AWS Flow Framework makes it convenient to express both facets of coordination through familiar programming concepts. For example, initiating an activity task is as simple as making a call to a method. AWS Flow Framework automatically translates the call into a decision to initiate the activity task and lets Amazon SWF assign the task to a worker, monitor it, and report back on its completion. The framework makes the outcome of the task, including its output data, available to you in the code as the return values from the method call. To express the dependency on a task, you simply use the return values in your code, as you would for typical method calls. The framework’s runtime will automatically wait for the task to complete and continue your execution only when the results are available. Behind the scenes, the framework’s runtime receives worker and decision tasks from Amazon SWF, invokes the relevant methods in your program at the right times, and formulates decisions to send back to Amazon SWF. By offering access to Amazon SWF through an intuitive programming framework, the AWS Flow Framework makes it possible to easily incorporate asynchronous and event driven programming in the development of your applications.
Typically poll based protocols require developers to find an optimal polling frequency.
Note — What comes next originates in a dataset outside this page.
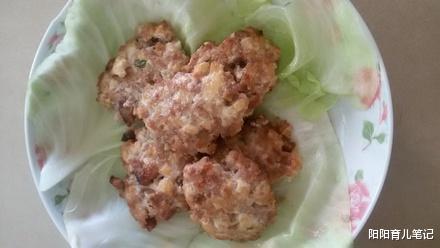 小龙虾：3岁前这4种肉别给娃吃，虽美味却不健康，快看你家餐桌有没有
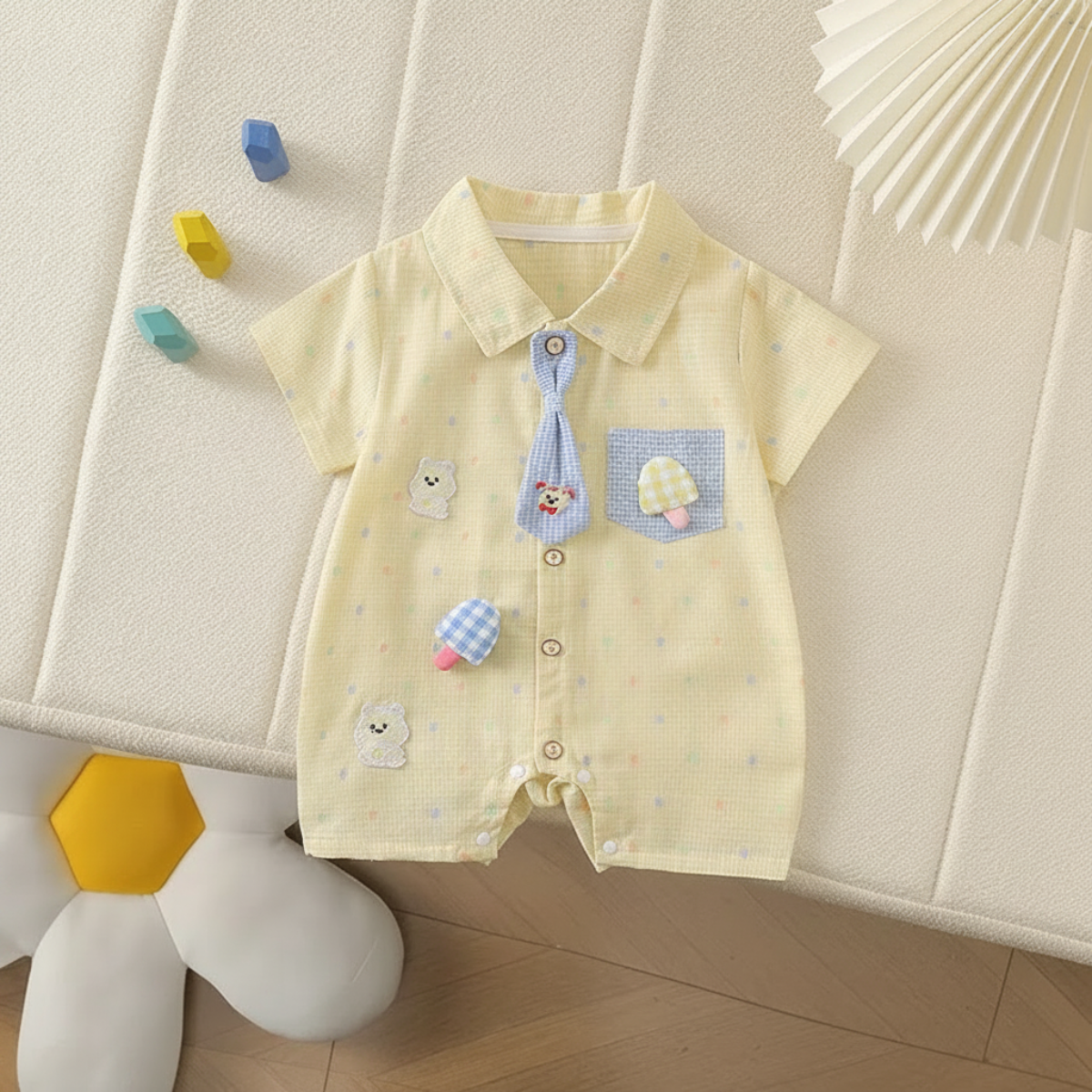 KiddoStyle – Søt og myk – Jumpsuit for barn med slips og lapp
If developers poll too often, it is possible that many of the polls will be returned with empty results. This leads to a situation where much of the application and network resources are spent on polling without any meaningful outcome to drive the execution forward. If developers don’t poll often enough, then messages may be held for longer increasing application latencies.
To overcome the inefficiencies inherent in polling, Amazon SWF provides long-polling. Long-polling significantly reduces the number of polls that return without any tasks. When workers and deciders poll Amazon SWF for tasks, the connection is retained for a minute if no task is available. If a task does become available during that period, it is returned in response to the long-poll request. By retaining the connection for a period of time, additional polls that would also return empty during that period are avoided. With long-polling, your applications benefit with the security and flow control advantages of polling without sacrificing the latency and efficiency benefits offered by push-based web services.
Workers use standard HTTP GET requests to get tasks from Amazon SWF and to return the results. To use an existing web service as a worker, you can write a wrapper that gets tasks from Amazon SWF, invokes your web service’s APIs as appropriate, and returns the results back to Amazon SWF. In the wrapper, you translate input data provided in a task into the parameters for your web service’s API. Similarly, you also translate the output data from the web service APIs into results for the task and return those to Amazon SWF.
No, you can use any programming language to write a worker or a decider, as long as you can communicate with Amazon SWF using web service APIs. The AWS SDK is currently available in Java, .NET, PHP and Ruby. The AWS SDK for Java includes the AWS Flow Framework.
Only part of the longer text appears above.